Erika Januza reflete sobre seu papel de artista negra — Foto: Foto: Dessa Pires/Divulgação, com arte de Guilherme Azevedo/Gshow

“Significa mostrar que é possível nos dar vez e voz! Mais que isso, é necessário. Necessário olhar para a TV e se reconhecer, se identificar. Olhar para um negro em qualquer profissão que escolha exercer e que tenha possibilidades e oportunidades de chegar lá e não um sistema que o desestimule, que o desrespeite. Uma criança, um jovem em formação de autoestima, de caráter, sonhos, precisa olhar ao seu redor e ver que pode se inspirar na profissão que quiser. Só depende dele, do seu esforço para fazer seu próprio destino, seu futuro melhor. Coisas que a geração dos meus antepassados não tiveram, minha mãe talvez não tenha tido, mas hoje posso e quero ter. Que todos tenhamos. E ser uma atriz hoje, vindo de uma vida comum, de uma família simples, interpretando personagens fortes, me enche de emoção, orgulho e gratidão pela oportunidade que a vida tem me dado a cada dia e a chance de representar a força dos meus. Meu desejo é que esta porta de oportunidades e respeito se escancare. A todos!”

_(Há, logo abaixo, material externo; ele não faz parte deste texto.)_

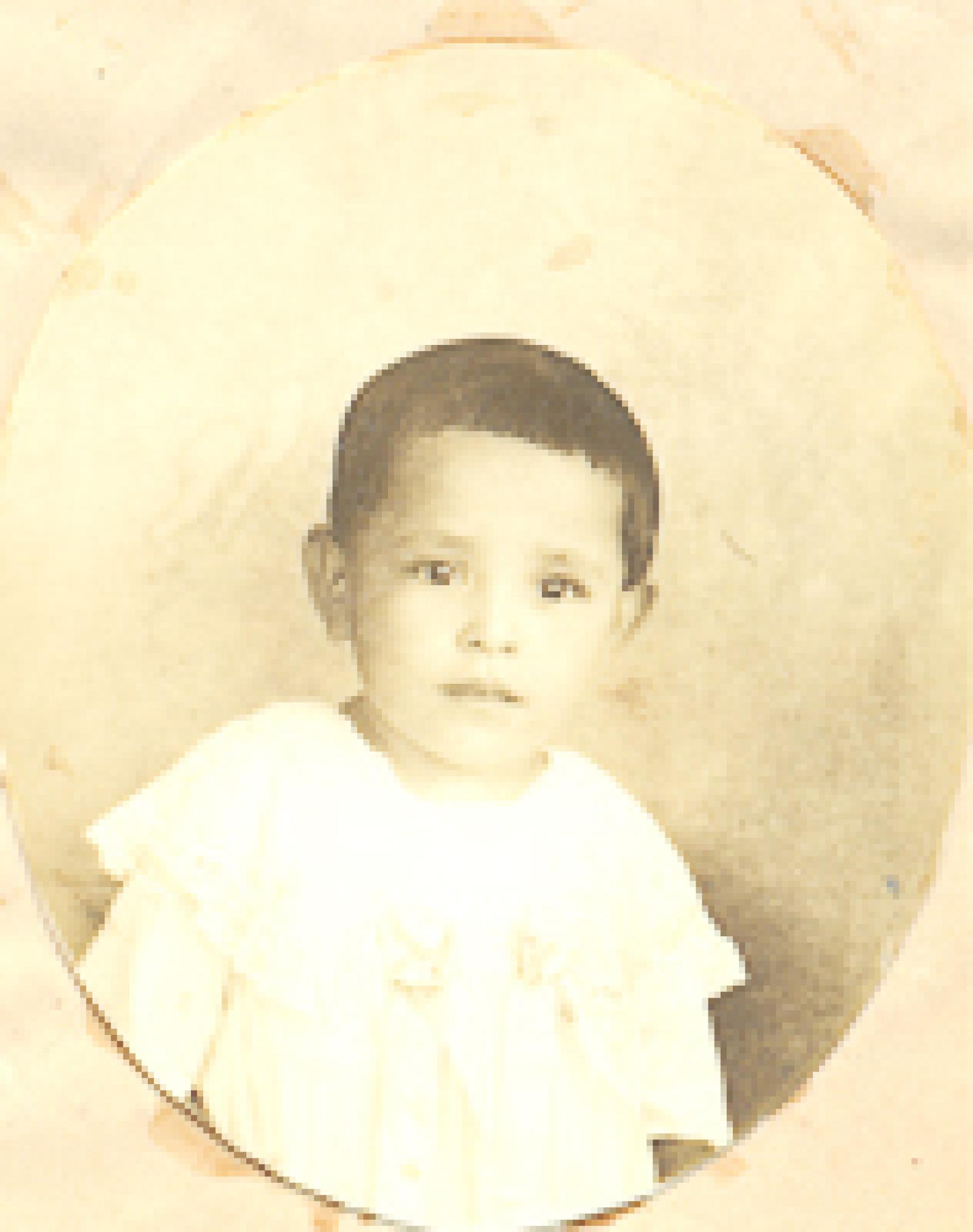Niño, hijo de Leonor Verdugo de Rubio.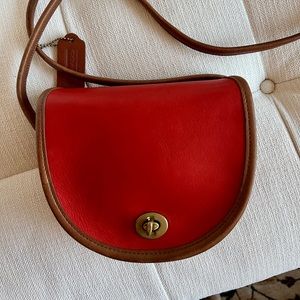 Coach Vintage Crossbody Two Tone Purse
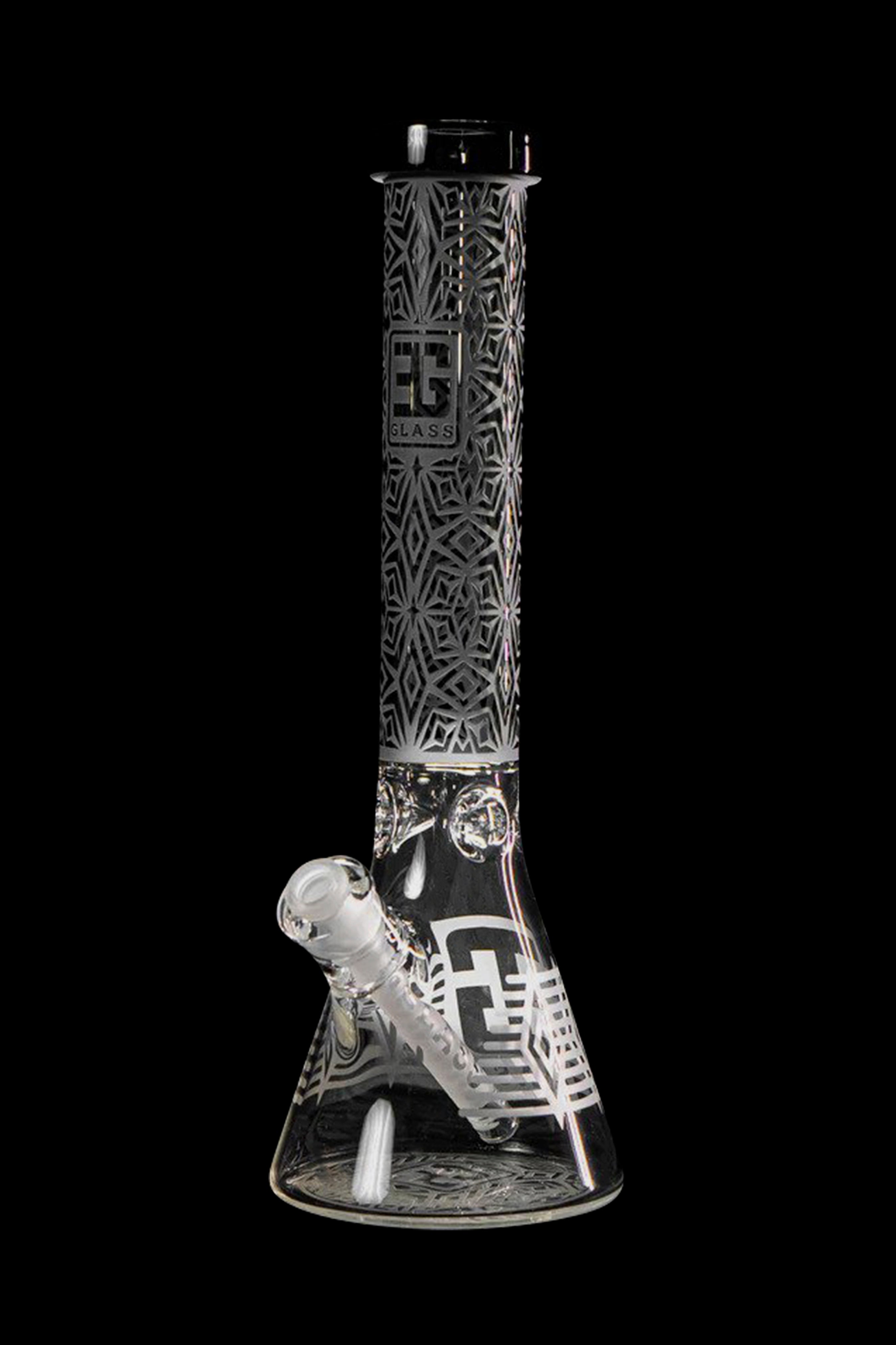 EG Glass Diamond Water Pipe - A Stunning Smoking Companion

Rafael Zulu acredita no poder de ser referência para outras pessoas — Foto: João Cotta/TV Globo, com arte de Guilherme Azevedo/Gshow

“Acho importantíssimo! Principalmente porque sou de uma geração onde “me via” muito pouco na TV, tínhamos pouquíssimas referências de negros nesse espaço! Mas hoje já consigo olhar e perceber que existe uma melhora, oportunidades – mesmo que poucas ainda -, maiores do que antes! Ser negro, ser artista negro no Brasil, na minha opinião, é ser – acima de tudo – espelho e referência para tantos que sonham em ir além e que, por questões óbvias de falta de inclusão, não conseguem! Precisamos olhar com mais cuidado pra isso e entender que quando nós, negros, levantamos a nossa bandeira, não se trata de vitimismo e sim/quase sempre retratação!”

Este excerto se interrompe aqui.